Traditional vibration control methods
The traditional preventative measure used to best alleviate vibration’s impact on sensitive equipment in an efficient and cost-effective manner has been to situate all operating rooms and diagnostic imaging systems on grade. This is because the innate stiffness, and mass of the soil directly below the grade base tends to act as a natural form of vibration mitigation. The inherent damping properties of soil can effectively reduce the amplitude of resonant vibration by converting a portion of the energy into low-grade heat.

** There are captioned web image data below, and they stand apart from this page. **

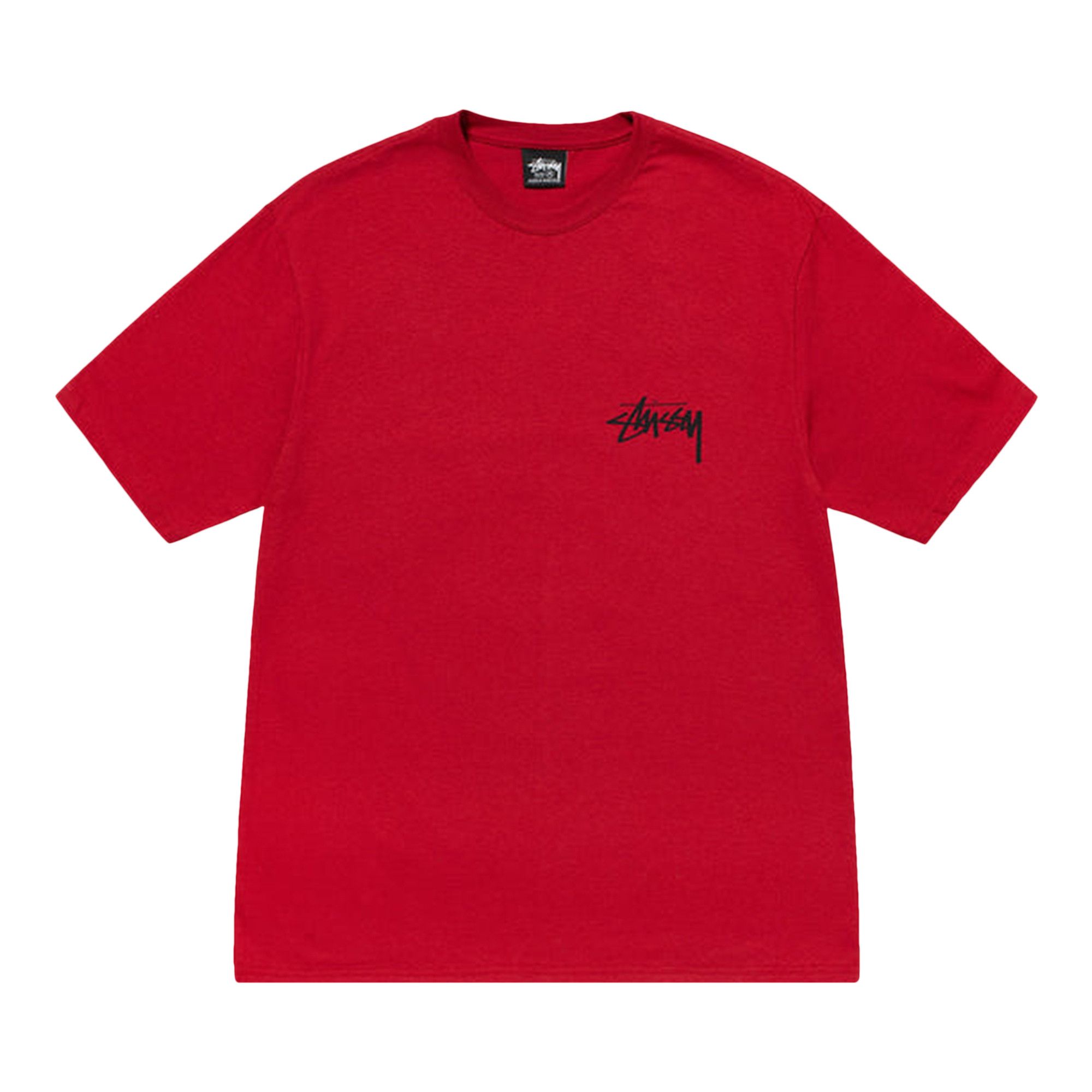 Red stussy sales t shirt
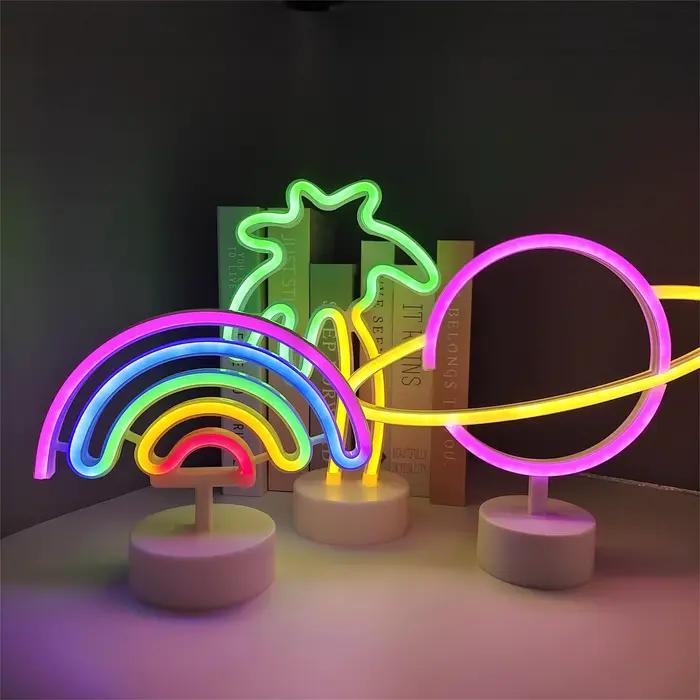 Arc-en-ciel Catus Led néons cocont arbre ananas enseigne au néon lampe USB/alimentation par batterie Unicon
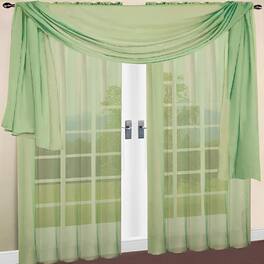 RT Designers Collection - Celine Sheer Rod Pocket Curtain Panel 60" x 90" in Sage Green - Light/Pastel Green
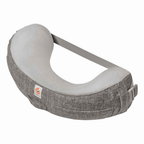 Ergobaby Natural Curve Nursing Pillow – Ergonomic Breastfeeding Pillow with Adjustable Stay-Put Strap, Firm Support to Reduce Back Strain & Baby Rolling, Soft Removable Cotton Cover, Suitable for All Stages, Grey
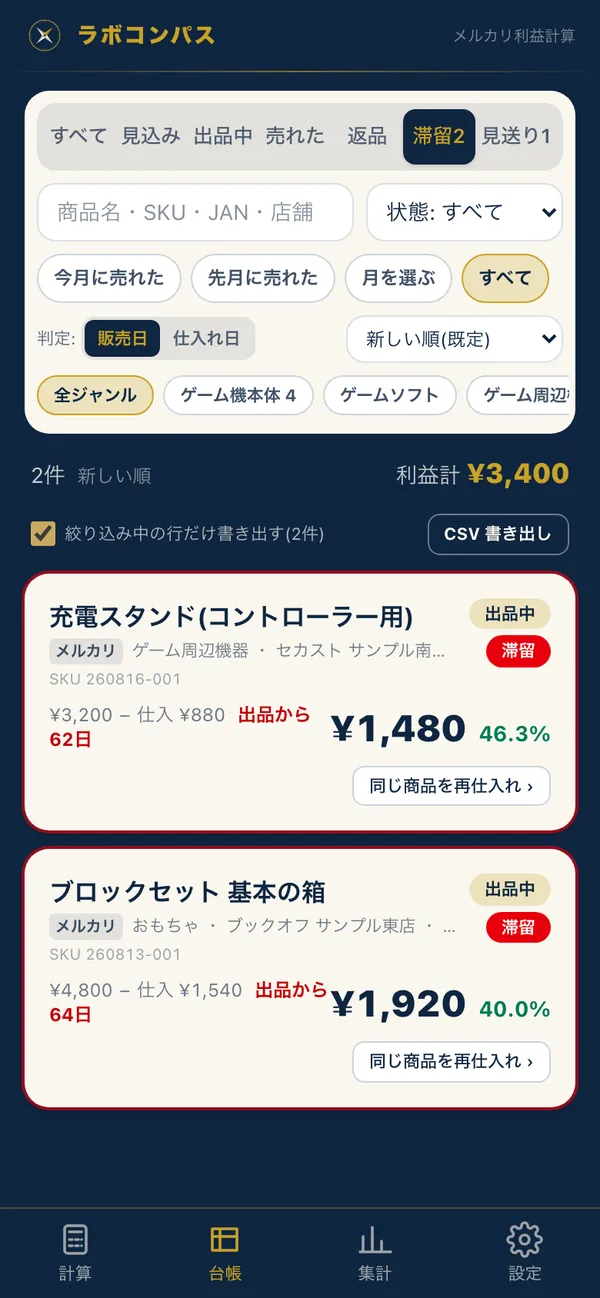 台帳の滞留フィルタ。出品から62日・64日の商品に滞留の印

New realities in hospital design create vibration mitigation challenges
Several new factors today have driven healthcare architects; structural engineers and planners to move beyond this tried and true, grade-level mitigation strategy. One new reality “on the ground” is that keeping diagnostic systems and operating rooms on grade is no longer a given or a viable option. Today modern space planning practices leans toward putting patient intake, lounges, food courts, loading docks, mechanical rooms and the like on valuable space at grade, squeezing out operating rooms and diagnostic imaging systems. Furthermore, high density urban planning, among other concerns, are forcing hospitals to build or expand vertically as multi-story high-rises, rather than horizontally across as in traditional low-rise healthcare facility design. The other impetus that has spurred change are recent advances in building systems and structural engineering that now allow diagnostic equipment and operating rooms to be relocated and their static loads supported by elevated slabs on higher floors. While innovative, state-of-the art structural engineering and reinforcements now allow for diagnostic systems and operating rooms to be situated above grade, lighter weight and increasingly flexible structural floor systems renders them more prone to vibration interference from sources throughout the building structure. What’s more, diagnostic and operating rooms imaging and surgical support technologies have become increasingly more sophisticated and sensitive relative to earlier generations of systems that operated at grade, making mitigation efforts more challenging today.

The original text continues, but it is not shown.